教材について

 言語活動をナビゲートする単元に設定されているが、大島健甫さんの『手と心で読む』はかつて教材化されていたものであるため、ここに挙げておくこととする。  

 言語活動を導くための読み教材としての位置づけはこれから教科書教材でも増加すると考えられるが、枠組みが活動であるが故にその中にどのように読解学習を織り交ぜていけばよいのかという点に関しては先生方から質問を受けることがよくある。そうした点にも目配りをしながら授業を考えていきたい。

話題提供型の教材配置

 この単元構成では「伝え合う」ことが目的として記されているが、それだけでは何を伝え合うかということが分かりかねる。唐突に配置されている『手と心で読む』の内容に即して調べ学習を組織し、学級の中で伝え合う学習を組織することが伺われるが、その必然性が見えてこない。ゆえに私などは、まず教材の読解学習を軽くした上で学習者の興味の方向を教材の内容に向けてから活動に移ることを示唆する。この教材配列のまま授業を構成するといつどこで学習者の目的意識を明確にするかという点に問題が残るからだ。  

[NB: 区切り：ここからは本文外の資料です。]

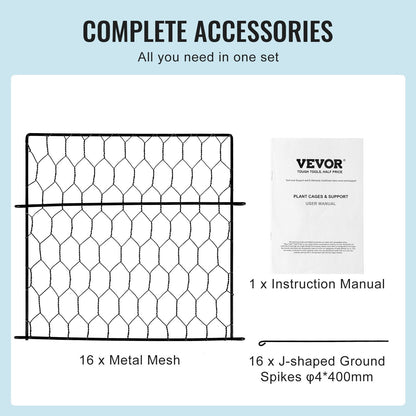 5-Pack Metal Plant Cage - 0.34m x 0.34m Animal Protection Guards, Easy Setup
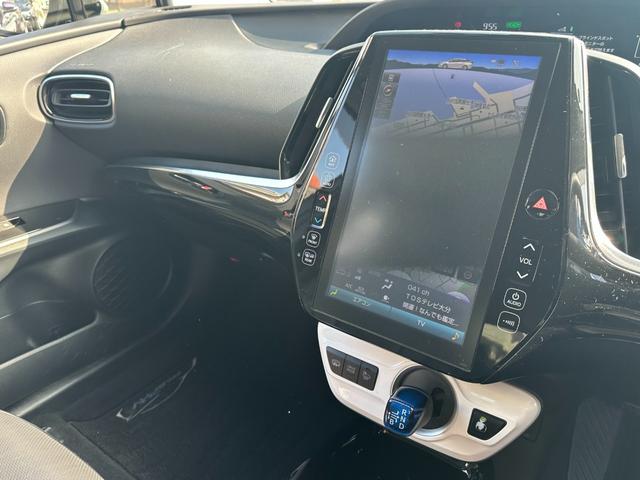 プリウスＰＨＶ Ａプレミアム　１１．６型ナビＴＶ　Ｂカメラ　黒革　シートヒーター　パワーシート　ＨＵＤ　ＢＳＭ　アクセサリーコンセント　トヨタセーフティセンス　ＬＥＤヘッドランプ　アダプティブハイビーム　インテリパークアシスト（15枚目）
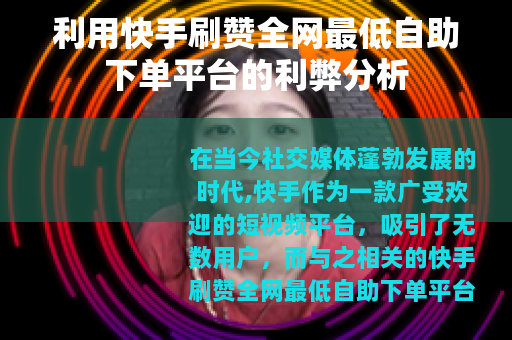 利用快手刷赞全网最低自助下单平台的利弊分析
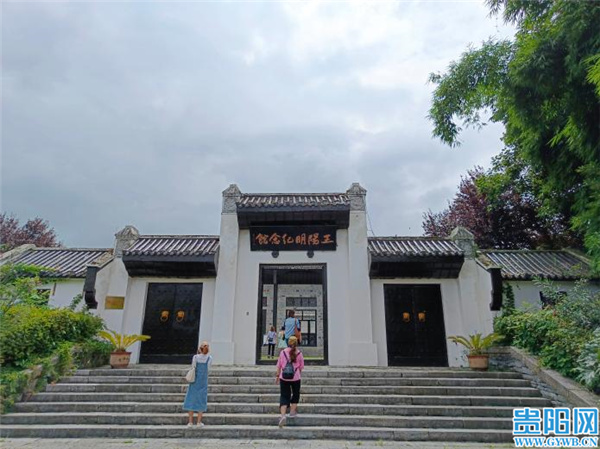 贵阳市旅游局,贵阳市旅游局领导成员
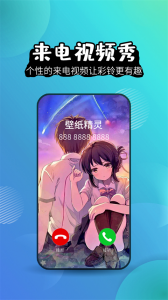 壁纸精灵app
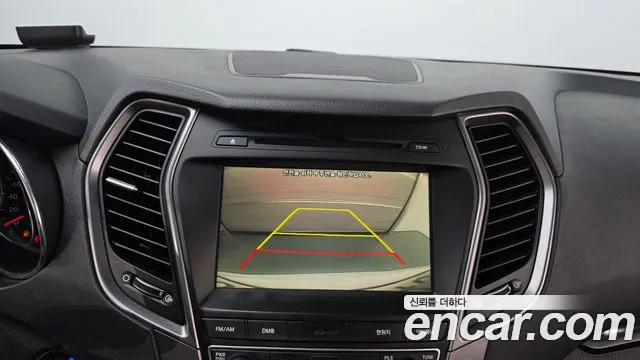 Hyundai DM 2015 thumb 8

 学習者にとって教材に書かれている内容がどれほど興味を持てるものかという点はさておいて、「よく知らない世界」をみんなで力を合わせて調べて伝え合うことで、理解を深める学習としてのストーリー性を確保することに重点を置く。そのために、教材の読みとりを導くための導入に力を入れる。なぜこういった似ようについて理解を深める必要があるかということを学級の中で共有しておく必要があるからだ。

何を読み取らせ何を調べさせるか

 大島さんの経験談は何度読んでも心を打つ。大島さんの経験談を用いて、点字に関する理解を深めることの価値や意義をクラスで共有したい。さらに、歴史的な経緯を整理しつつ、最も目を向けさせたいのは様々な視覚資料を用いて、点字の実態や現在どのように使われているかを説明している点にある。この点をモデルとして使用しながら、学習者の調べ学習を導いていくとするならば、デジカメなどを持たせて、身の回りにある点字の写真を撮ってこさせ、それがどのように役に立っているかなどを文章化させる。もしくは、様々なパンフレットなどを集めさせ、点字で表記されているものを資料として用いさせる。  

 結局調べ学習は、その後どのように伝え合うかというイメージを持って始めないと、ただ単に集めるだけの学習に終わってしまうので、できる限りどのように伝え合うかという点に目を向けさせるために、「伝え方」に関する意識を高めておきたい。それ故にこの単元では視覚資料の収集と効果についてあらかじめ学習させておく。

視覚資料を用いた説明

 教科書にも挿し絵が挿入されているように、できればみんなの前で資料を持って口頭で発表させたい。その場合発表原稿の書き方を指導するわけだが、内容面に関しては教科書のナビゲーション通りでいいと思う。調べたことや調べた方法などから入って、資料の説明、感想と展開すればいい。 問題なのは発表の仕方の指導で、やはり資料の見せ方や聞き手の目のコントロールなど、大勢の前で視覚資料を用いて発表する方法を身につけさせておく重要な機会として捉え しっかりと指導しておきたい。声の大きさなどの基本的なこと以上に、資料の持ち方やどこをどのように指し示しながら説明をするかなど、原稿には、「どこどこを見てください」といったような聞き手の視線をコントロールするような言葉も入れておきたい。